### Information supplied

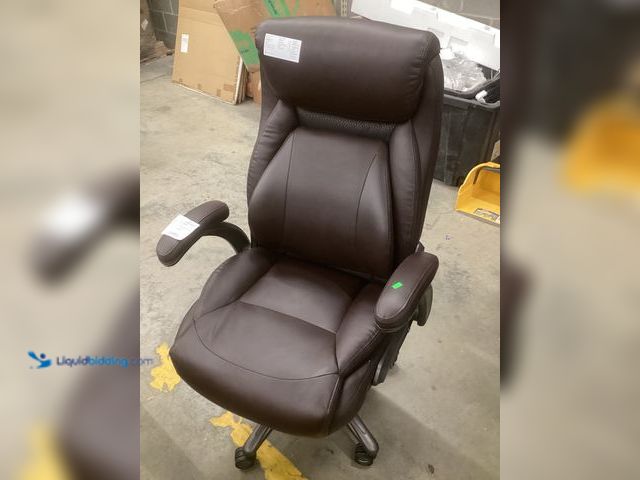 Lot 49-5483454 - La-Z-Boy Air Lumbar Manager Office Chair, brown. Model: 1782893. Unused, no box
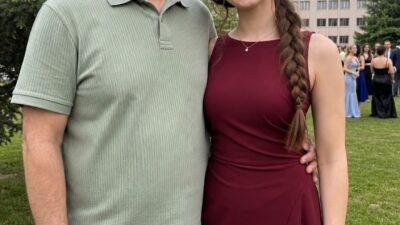 “Baba, o kapıyı açmazsan çığlık atacağım.” Babamın yüzü bir anda
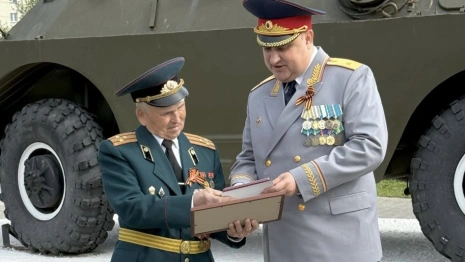 Руководитель владимирского Следкома вручил медаль бывшему узнику концлагеря Юрию Ерошенко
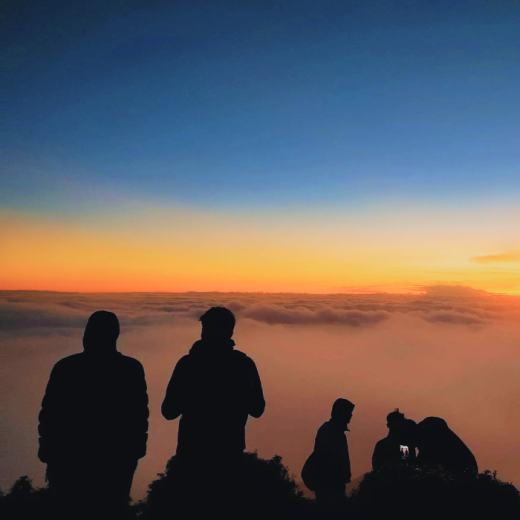 TravelToPH - Экскурсии / Туры - Гора Пулаг. Восхождение и рассвет над облаками. Экскурсия из Манилы. | LM-MPASACTM-D1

### Exercise requirements
An unchanged copy of the data, images excluded, is all that should be given.

### Solved problem
 Lot 49-5483454 - La-Z-Boy Air Lumbar Manager Office Chair, brown. Model: 1782893. Unused, no box
 “Baba, o kapıyı açmazsan çığlık atacağım.” Babamın yüzü bir anda
 Руководитель владимирского Следкома вручил медаль бывшему узнику концлагеря Юрию Ерошенко
 TravelToPH - Экскурсии / Туры - Гора Пулаг. Восхождение и рассвет над облаками. Экскурсия из Манилы. | LM-MPASACTM-D1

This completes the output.